There also is the same situation where attorneys are afraid to take on a case representing a victim against a judge - fearing retaliation from the judge and ruination of their practice, career and livelihood.

There also is the routine discipline-as-slap-on-the-wrist - as the 5th Circuit did with Judge Kent (the 5th Circuit did it again in 2015 with another sexual predator, Judge Walter Smith, giving him a year-long lighter caseload as a reward of his drunkenness on the job, stalking and sexual harassment of employees for over 18 years).  The attorney who finally agreed to represent the victim of Judge Kent - pro bono - told her reportedly that the system of judicial discipline is built in order to protect the judge, and nothing she testifies about will result in anything but superficial discipline, and the prediction was true.

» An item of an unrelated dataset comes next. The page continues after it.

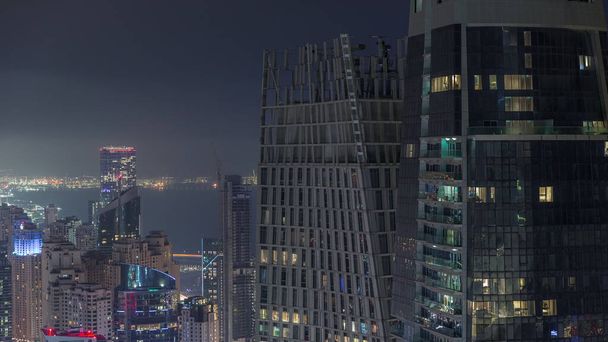 Aerial view of JBR and Dubai Marina skyscrapers and luxury buildings night timelapse from above. Illuminated towers with glowing windows - Фото, изображение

Then there is the fear where witnesses refused to talk to the investigator the victim's attorney hired to re-interview all people interviewed by the 5th Circuit.

Then, the victim was made a pariah in courthouses when people who knew her walked past her with eyes glued to the floor.

The interesting point about Judge Kent is that the abuse of power through sexual harassment of employees went hand-in-hand with abuse of power as a judge, through favoritism of "certain lawyers" in decisions and settlement negotiations.   There were no investigation as to that favoritism though because it was "related to litigation", and thus outside of the scope of discipline under the Judicial Disability Act.

Instead, it had to be handled through criminal proceedings when federal investigators (a great credit goes to them in this story) allowed the case to go to the grand jury.

"Besides presenting Cathy’s claims about his purported abuse, they presented the jurors with allegations that Kent had accepted but failed to report gifts from lawyers and that he had sold his Galveston home for a tidy profit in a deal arranged by a lawyer who had dozens of cases in his court."


Yet, the judge was not convicted of corruption.  Had he been convicted of corruption - same as in the "Kids for Cash" scandal in Pennsylvania, he would have had to serve 20 or more years in prison.  So he was saved by the system.  Where state corrupt judges went to prison for nearly 30 years, a federal judge was home with his family within 2 years.

The 5th Circuit apparently refused to address Judge Kent's corruption and fixing cases (favoritism to lawyers, likely to lawyers who gave him unreported gifts), thus enabling it to continue for years.


Judge Kent was indicted, and at his arraignment he, reportedlyAt his arraignment, in his usual booming voice, he announced that he was “absolutely, unequivocally not guilty” and declared that he would bring a “horde of witnesses” to fight such “flagrant, scurrilous” charges".

That is not what he finally told the U.S. House - after he pled guilty in criminal court with admission of non-consensual sexual conduct with an employee:


Perhaps I was attempting to meet an unfilled need for affection.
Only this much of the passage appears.